When to Hire a Financial Planner - dummies

By Russell Wild

Lots of people today, including stock and bond brokers, call themselves financial planners. A good suggestion is that if you hire a financial planner, you seriously consider a fee-only planner, who takes no commissions and works only for you. To find one in your area, contact the National Association of Personal Financial Advisors (NAPFA) or call 847-483-5400.

Some NAPFA-certified financial advisors work with you on an hourly basis. Others want to take your assets under management. Know that if you hire a financial planner who takes your assets under management, you typically pay a fee, usually 1.0 percent a year.

One percent is plenty; you shouldn’t pay more than that unless you’re getting help from that planner that extends to insurance, estate planning, and other matters beyond investing.

If you have a sizeable bond portfolio, a fee-only financial planner who is trading bonds for you can potentially save you enough money to compensate for his fee. Even though the planner will be dealing with a broker, just as you would, planners with numerous clients can bundle their bond purchases, so the broker often settles for a substantially lesser markup.
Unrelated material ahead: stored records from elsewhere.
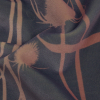 British Imported Shell Thistle Stems Polyester Velvet - Detail | Mood Fabrics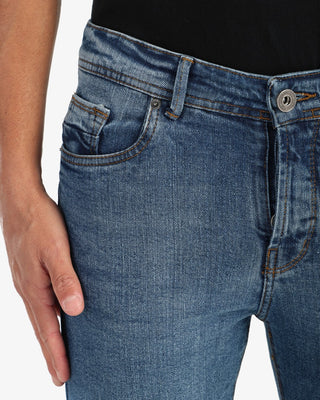 Skinny Fit Turbo Blue Casual Jeans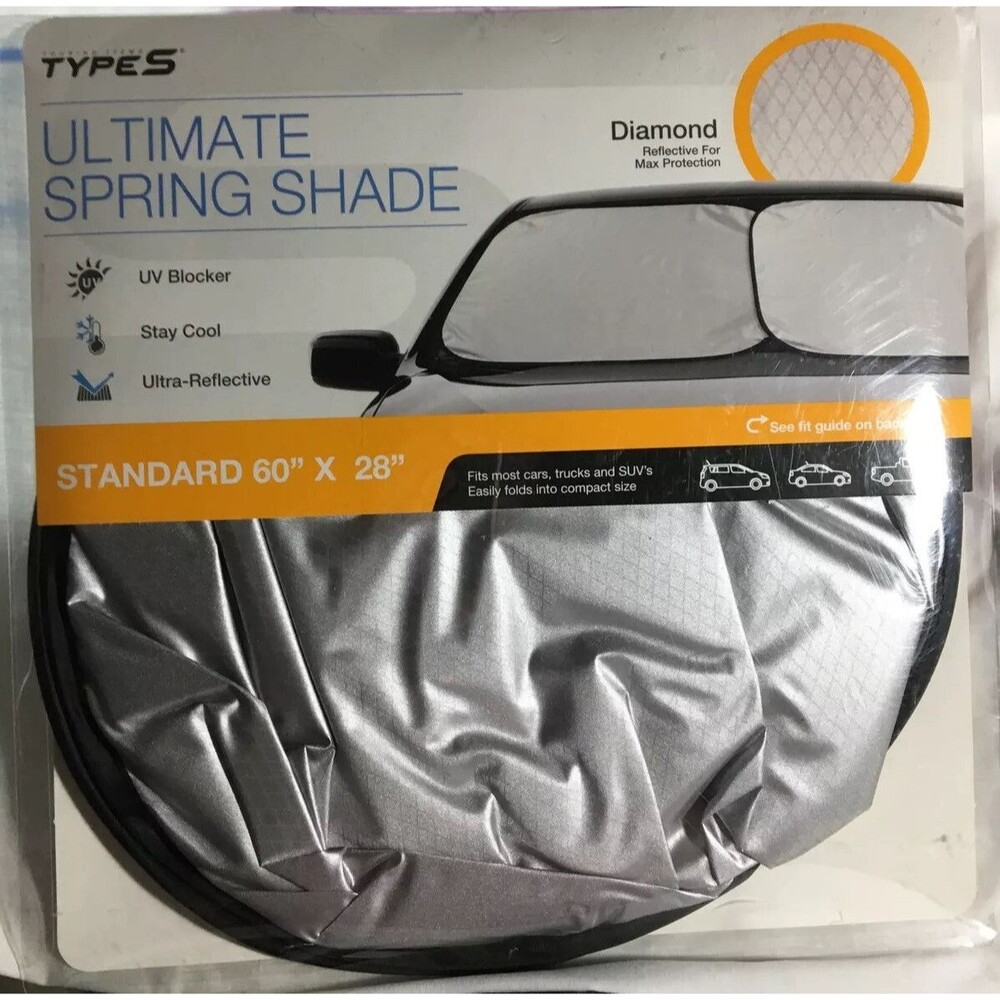 Ultimate Springshade Types  Diamond Reflective for maximum protection Uv Blocker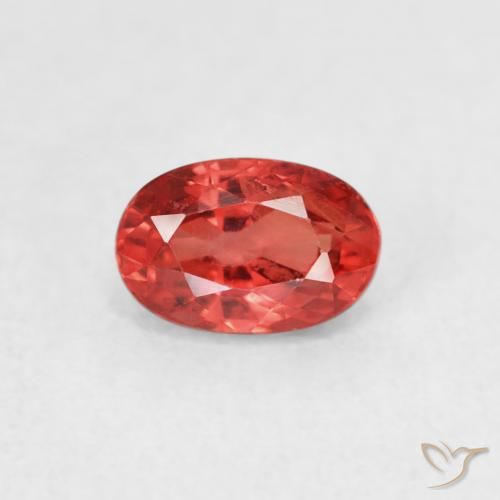 0.75ct Natural Medium Red Sapphire, Oval, VS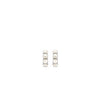 Ti Sento Pearl Huggie Hoops, Silver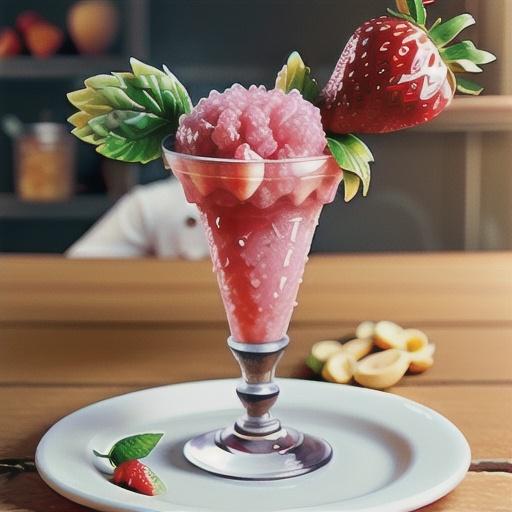 Fresh Strawberry Granita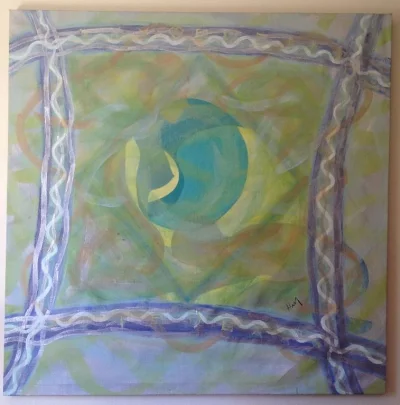 Quadro Grande. Pintura em Acrílico sobre Tela. Surrender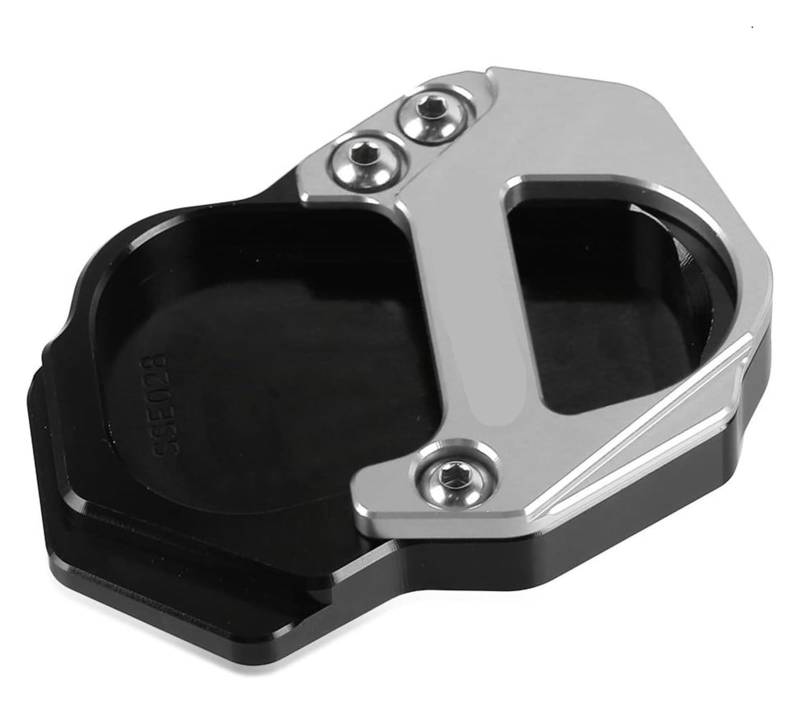 Verlängerungspolster Für R NineT 5 Für Pure Für Racer Für Scrambler Für Urban G/S Motorrad CNC Ständer Fuß Seitenständer Verlängerungspolster Stützplatte Vergrößern Seitenständer(Silber) von PVPTNTUVLD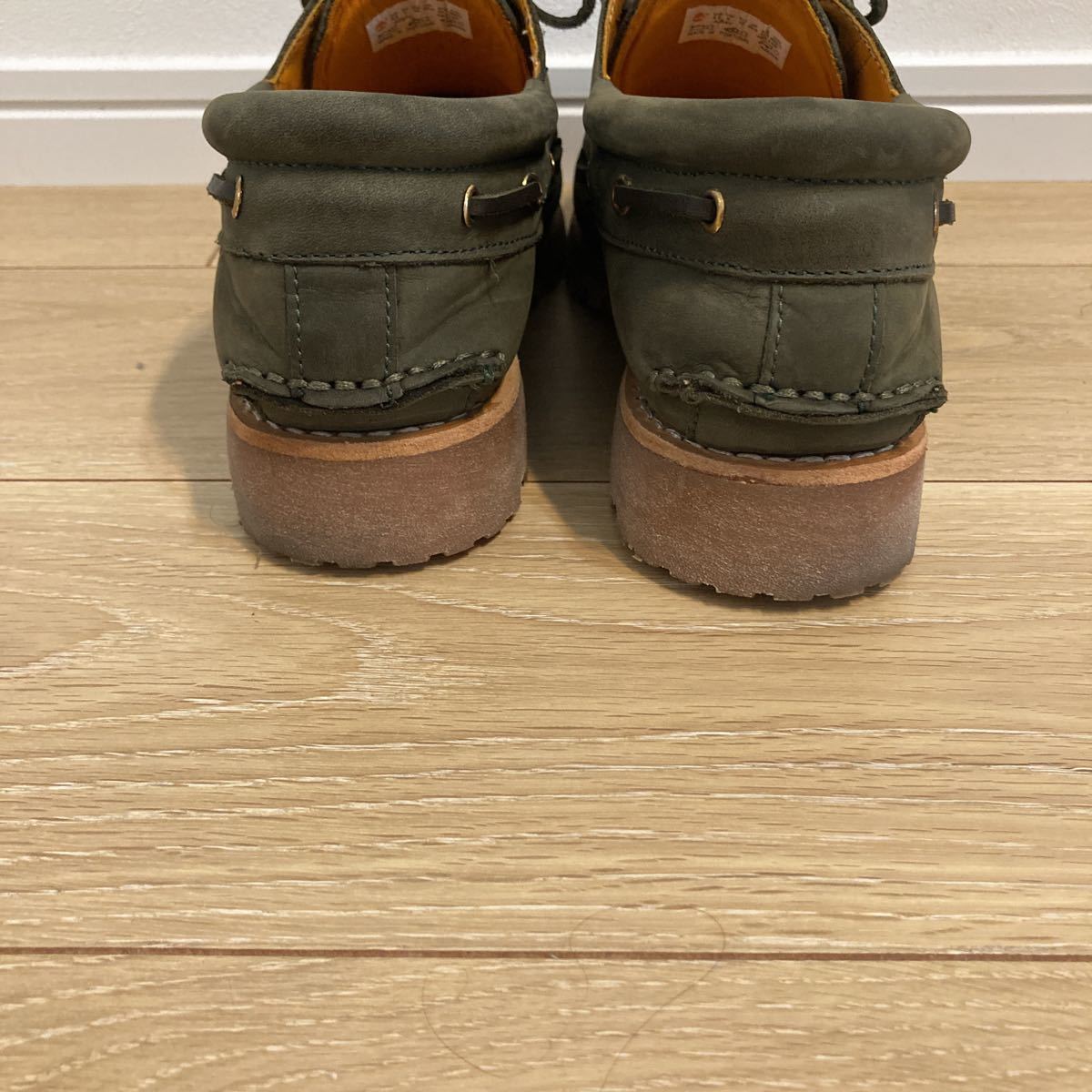TIMBERLAND AUTHENTICS 3EYE CLASSIC LUG DK GREEN オリーブ 26.5_画像7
Here’s an example of this type of savings. Matthew Reznik, a NAPFA-certified financial planner with Balasa Dinverno & Foltz LLC of Itasca, Illinois, explains:

If an individual investor is buying a $25,000 bond for his or her portfolio, the markup can be as high as 2.25 percent. If that bond is yielding 5 percent, that’s a pretty big haircut. If we buy bonds, we buy the same issue in a $1 million piece. In that case the spread would be reduced to 0.10 percent.